• **Information supplied**:
|---|
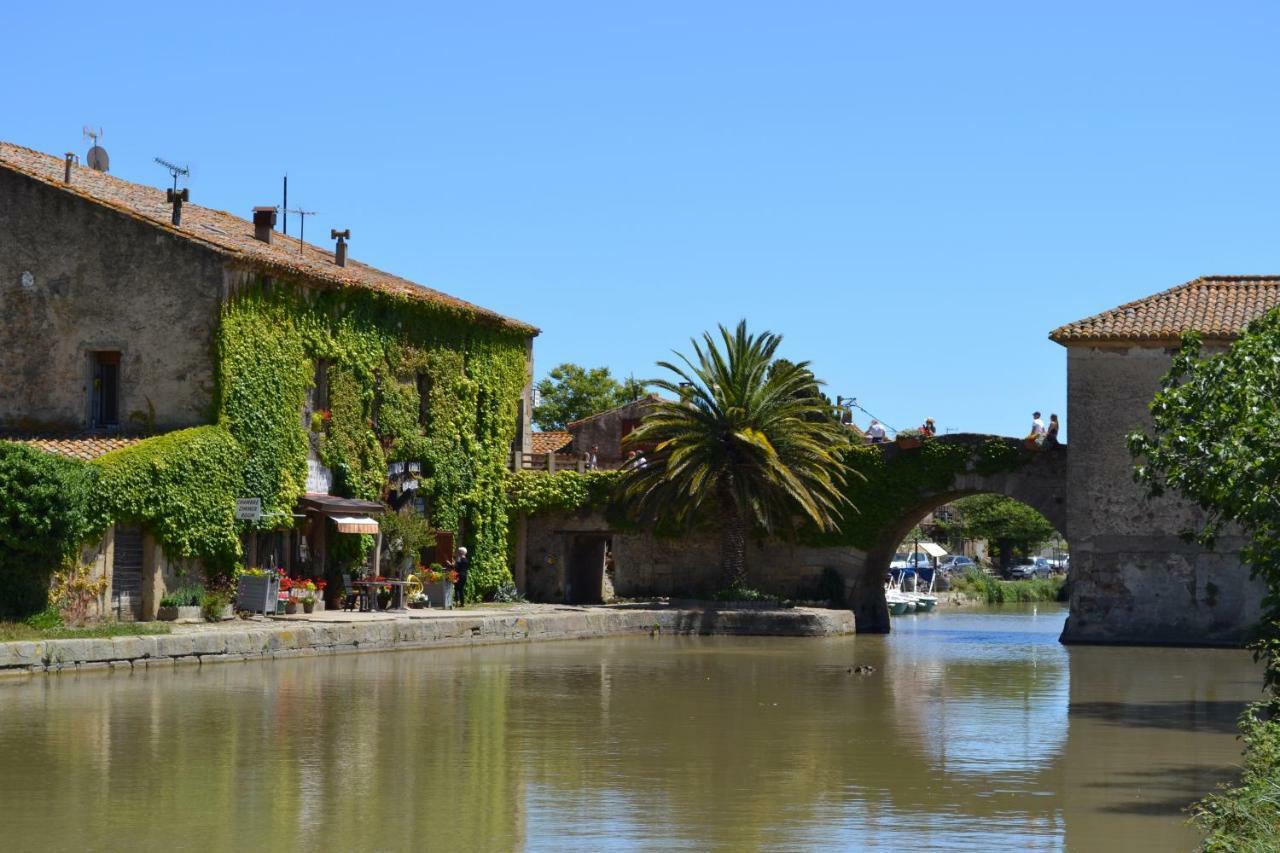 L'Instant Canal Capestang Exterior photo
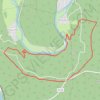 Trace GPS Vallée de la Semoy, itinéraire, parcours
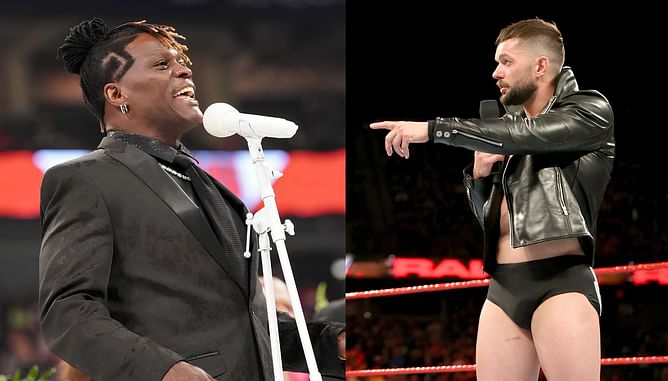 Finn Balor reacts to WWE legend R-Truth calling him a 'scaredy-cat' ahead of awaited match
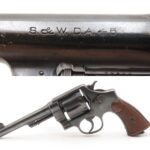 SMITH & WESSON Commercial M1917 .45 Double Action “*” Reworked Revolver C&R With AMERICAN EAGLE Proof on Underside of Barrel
|---|
• **Task to complete**:
What you give back should be exactly the lines from the line holding "Trace GPS Vallée" through the final line of the material, both ends included, and please leave out the pictures.

• **Expected output**:
 Trace GPS Vallée de la Semoy, itinéraire, parcours
 Finn Balor reacts to WWE legend R-Truth calling him a 'scaredy-cat' ahead of awaited match
 SMITH & WESSON Commercial M1917 .45 Double Action “*” Reworked Revolver C&R With AMERICAN EAGLE Proof on Underside of Barrel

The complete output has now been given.